Obama in personal appeal to Netanyahu: Extend settlement freeze for two months
Netanyahu inclined to reject Obama's offer, which includes string of security incentives, citing lack of political support.
U.S. President Barack Obama offered to support the presence of Israel Defense Forces soldiers in the Jordan Valley even after the establishment of a Palestinian state, if Israel would agree to a two month settlement building freeze, in a letter to Prime Minister Netanyahu, according to a researcher with ties to an Obama aide.
Netanyahu is inclined to reject the offer and has not replied to the letter as of yet, though the Prime Minister's office has refused to answer questions regarding the issue.
The contents of the American president's letter and the Israeli prime minister's response were revealed by David Makovsky, a researcher with ties to Dennis Ross, Barack Obama's chief advisor on the Middle East.

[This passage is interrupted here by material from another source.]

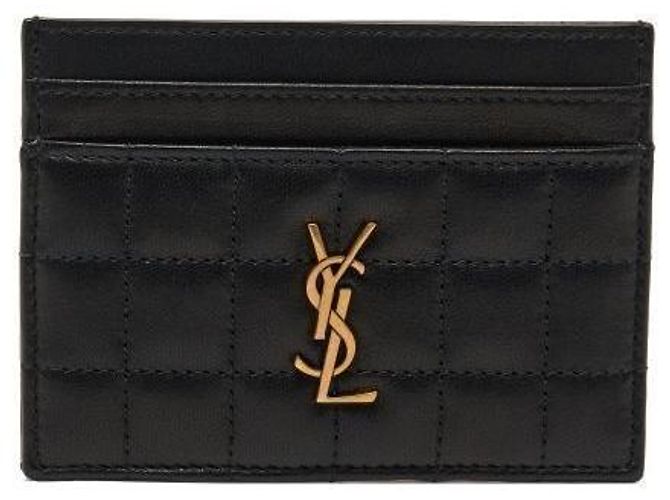 Saint Laurent Tarjetero Monogram Matelassé Cassandra Negro - vista 3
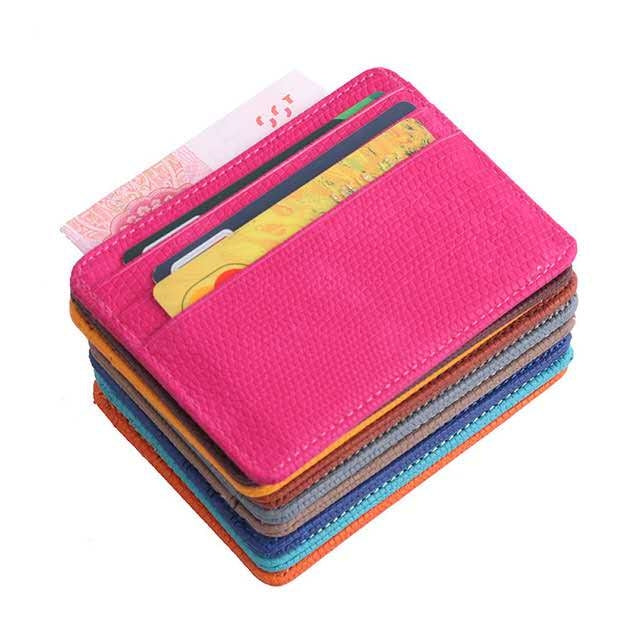 Lizard Pattern PU Leather Bank Card Set Card Package(Pink) - Card & Passport Bags by PMC TechLife | Online Shopping South Africa | PMC TechLife | Buy Now Pay Later Mobicred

Makovsky published the story in an article on the website for the Washington Institute for Near East Policy. In it, he states that President Obama's letter is a result of talks between senior U.S. administration officials and Israeli Defense Minister Barak and chief negotiator Yitzhak Molcho.
Obama's letter is reported to include a long list of American favors in exchange for an extension of the settlement building freeze, which ended this week. Most of these favors are critical to Israel's strategic security needs that Netanyahu has been demanding for years.
President Obama's advisors met with Jewish senators and congressman on Wednesday in Washington, informing them of the contents of the letter. Ross told the lawmakers that Netanyahu would not agree to the deal because it did not meet all his demands, and because he did not have the political support to extend the building freeze.
Other commitments that Obama offered Netanyahu in the letter include an agreement not to ask for any more building freeze extensions, an agreement to veto any anti-Israel UN Security Council resolution in the next year, and an agreement that the future fate of the settlements be dealt with only as part of a final status agreement with the Palestinians.
Obama's letter included additional commitments, including a series of guarantees to prevent the smuggling of weapons and missiles into a Palestinian state, a lengthy period of interim security arrangements in the Jordan Valley and a comprehensive regional defense pact for protection from Iran to follow the establishment of the Palestinian state.
The American President also vowed to upgrade Israel's security capabilities and increase the three billion dollar security aid package that Israel receives annually. The letter included commitments to advanced weapons and early warning systems, including satellites.